# Need recommendations for fox or coyote headlamp



## CoachG (Feb 18, 2009)

Several years back I spent a lot of time squealing fox at night. I'm looking to get back into night hunting, but I haven't been able to track down any of the old red-filtered headlamps with a plain ol' battery pack like we used to wear.

I'm looking for something I can shine continuously while scanning for fox and coyotes. I'll be using a shotgun, so I'm not interested in mounting anything on a scope. Also, I'm not interested in any hand-held spotlights.

Any advice?


----------



## medium mouth (Dec 5, 2006)

i imagine you can get something from nite lite..i get the magazine and im pretty sure theres red lenses you can get for your headlights..i have a head lamp and i love it, the battery lasts a long time


----------



## walkerdog (May 13, 2009)

Check into bright eyes lights. I have the 28volt and love it


----------



## CoachG (Feb 18, 2009)

walkerdog said:


> Check into bright eyes lights. I have the 28volt and love it


Looking at their website, I was wondering if you knew anything about the featherlights or if you had a traditional headlamp?

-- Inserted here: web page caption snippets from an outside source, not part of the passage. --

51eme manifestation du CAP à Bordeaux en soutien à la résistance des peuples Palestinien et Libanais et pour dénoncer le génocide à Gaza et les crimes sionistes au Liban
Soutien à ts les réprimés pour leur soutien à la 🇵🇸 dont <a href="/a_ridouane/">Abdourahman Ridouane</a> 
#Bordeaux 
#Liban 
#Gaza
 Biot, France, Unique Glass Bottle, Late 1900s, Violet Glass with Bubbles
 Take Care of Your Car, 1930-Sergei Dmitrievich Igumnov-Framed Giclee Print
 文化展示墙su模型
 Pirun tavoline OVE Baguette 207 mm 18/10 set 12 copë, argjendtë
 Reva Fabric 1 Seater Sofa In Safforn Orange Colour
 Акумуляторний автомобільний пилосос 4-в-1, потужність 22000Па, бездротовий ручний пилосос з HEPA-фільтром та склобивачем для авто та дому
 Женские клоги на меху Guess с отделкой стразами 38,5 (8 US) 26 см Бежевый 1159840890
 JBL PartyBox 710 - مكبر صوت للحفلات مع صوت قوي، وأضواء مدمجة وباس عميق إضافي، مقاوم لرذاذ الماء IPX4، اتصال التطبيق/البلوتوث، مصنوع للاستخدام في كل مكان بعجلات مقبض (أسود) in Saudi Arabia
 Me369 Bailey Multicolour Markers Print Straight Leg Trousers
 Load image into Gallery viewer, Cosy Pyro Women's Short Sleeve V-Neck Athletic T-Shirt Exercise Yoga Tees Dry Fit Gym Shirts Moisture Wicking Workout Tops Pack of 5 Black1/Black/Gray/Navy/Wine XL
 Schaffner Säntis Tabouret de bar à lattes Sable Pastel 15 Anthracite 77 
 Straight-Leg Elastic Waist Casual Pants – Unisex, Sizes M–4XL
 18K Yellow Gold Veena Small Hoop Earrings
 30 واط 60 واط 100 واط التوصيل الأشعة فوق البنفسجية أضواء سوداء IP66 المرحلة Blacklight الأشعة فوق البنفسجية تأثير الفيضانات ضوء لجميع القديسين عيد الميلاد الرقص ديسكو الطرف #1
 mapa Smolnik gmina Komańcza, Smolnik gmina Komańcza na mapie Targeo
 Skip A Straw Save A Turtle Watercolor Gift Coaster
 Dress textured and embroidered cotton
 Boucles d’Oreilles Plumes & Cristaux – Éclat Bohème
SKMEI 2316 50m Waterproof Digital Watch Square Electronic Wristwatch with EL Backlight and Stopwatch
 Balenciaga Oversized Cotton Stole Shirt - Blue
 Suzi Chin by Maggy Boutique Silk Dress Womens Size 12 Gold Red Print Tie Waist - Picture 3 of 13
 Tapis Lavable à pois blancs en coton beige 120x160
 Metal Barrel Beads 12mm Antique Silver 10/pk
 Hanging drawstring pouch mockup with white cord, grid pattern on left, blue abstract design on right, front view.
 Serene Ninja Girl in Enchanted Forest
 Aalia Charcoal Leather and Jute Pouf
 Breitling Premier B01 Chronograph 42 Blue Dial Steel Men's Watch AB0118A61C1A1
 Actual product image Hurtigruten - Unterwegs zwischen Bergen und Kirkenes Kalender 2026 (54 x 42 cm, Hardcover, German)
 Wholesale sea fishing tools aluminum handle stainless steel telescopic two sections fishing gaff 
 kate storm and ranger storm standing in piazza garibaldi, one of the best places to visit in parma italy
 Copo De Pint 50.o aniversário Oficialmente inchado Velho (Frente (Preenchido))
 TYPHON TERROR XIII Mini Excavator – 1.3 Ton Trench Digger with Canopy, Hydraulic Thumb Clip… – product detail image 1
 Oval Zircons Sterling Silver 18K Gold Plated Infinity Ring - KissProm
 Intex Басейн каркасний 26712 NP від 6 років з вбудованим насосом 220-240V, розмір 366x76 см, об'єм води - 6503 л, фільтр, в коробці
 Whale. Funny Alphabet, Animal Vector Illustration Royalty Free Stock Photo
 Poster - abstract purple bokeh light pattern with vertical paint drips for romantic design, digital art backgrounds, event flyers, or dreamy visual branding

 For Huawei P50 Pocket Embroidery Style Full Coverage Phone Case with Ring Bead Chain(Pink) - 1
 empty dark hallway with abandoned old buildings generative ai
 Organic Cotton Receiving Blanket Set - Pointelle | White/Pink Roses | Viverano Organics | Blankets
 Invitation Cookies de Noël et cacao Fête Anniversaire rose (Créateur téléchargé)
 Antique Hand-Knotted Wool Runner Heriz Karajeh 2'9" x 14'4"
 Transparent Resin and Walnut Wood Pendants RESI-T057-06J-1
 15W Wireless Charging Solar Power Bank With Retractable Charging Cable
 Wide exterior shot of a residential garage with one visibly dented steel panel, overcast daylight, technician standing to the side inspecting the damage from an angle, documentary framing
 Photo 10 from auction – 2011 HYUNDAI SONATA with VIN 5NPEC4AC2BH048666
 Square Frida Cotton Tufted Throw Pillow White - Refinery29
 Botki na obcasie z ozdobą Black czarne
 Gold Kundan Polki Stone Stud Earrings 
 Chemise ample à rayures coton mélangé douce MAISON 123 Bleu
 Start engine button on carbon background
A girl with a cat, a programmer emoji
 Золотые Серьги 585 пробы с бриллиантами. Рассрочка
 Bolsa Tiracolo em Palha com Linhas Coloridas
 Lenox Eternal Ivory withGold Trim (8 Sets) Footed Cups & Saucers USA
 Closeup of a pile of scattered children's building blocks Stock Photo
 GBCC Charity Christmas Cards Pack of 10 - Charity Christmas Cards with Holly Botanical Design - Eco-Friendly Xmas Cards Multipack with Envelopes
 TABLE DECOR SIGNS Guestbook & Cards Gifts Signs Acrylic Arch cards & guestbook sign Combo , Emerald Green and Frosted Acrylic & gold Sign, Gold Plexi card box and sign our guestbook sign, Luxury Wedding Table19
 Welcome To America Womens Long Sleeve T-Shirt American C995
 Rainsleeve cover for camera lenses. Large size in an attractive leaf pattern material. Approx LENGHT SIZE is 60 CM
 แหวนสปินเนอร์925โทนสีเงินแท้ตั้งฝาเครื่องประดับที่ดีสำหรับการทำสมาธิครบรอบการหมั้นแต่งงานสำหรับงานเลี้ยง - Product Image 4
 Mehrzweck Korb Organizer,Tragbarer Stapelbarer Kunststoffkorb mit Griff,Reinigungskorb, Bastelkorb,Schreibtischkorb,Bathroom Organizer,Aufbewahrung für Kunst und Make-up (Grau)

More specifically, are the featherlights worn around the head or waist?


----------



## CoachG (Feb 18, 2009)

medium mouth said:


> i imagine you can get something from nite lite..i get the magazine and im pretty sure theres red lenses you can get for your headlights..i have a head lamp and i love it, the battery lasts a long time


I went ahead and went with this suggestion. I'm waiting for it to arrive in the mail now. I'll let you know what I think. Thanks!


----------



## CoachG (Feb 18, 2009)

Got my rechargeable Nite Lite today. Went outside and immediately saw a cat's eyes in a neighbor's yard about 100 yards out. Just have to get a red filter! Thanks for the suggestion.


----------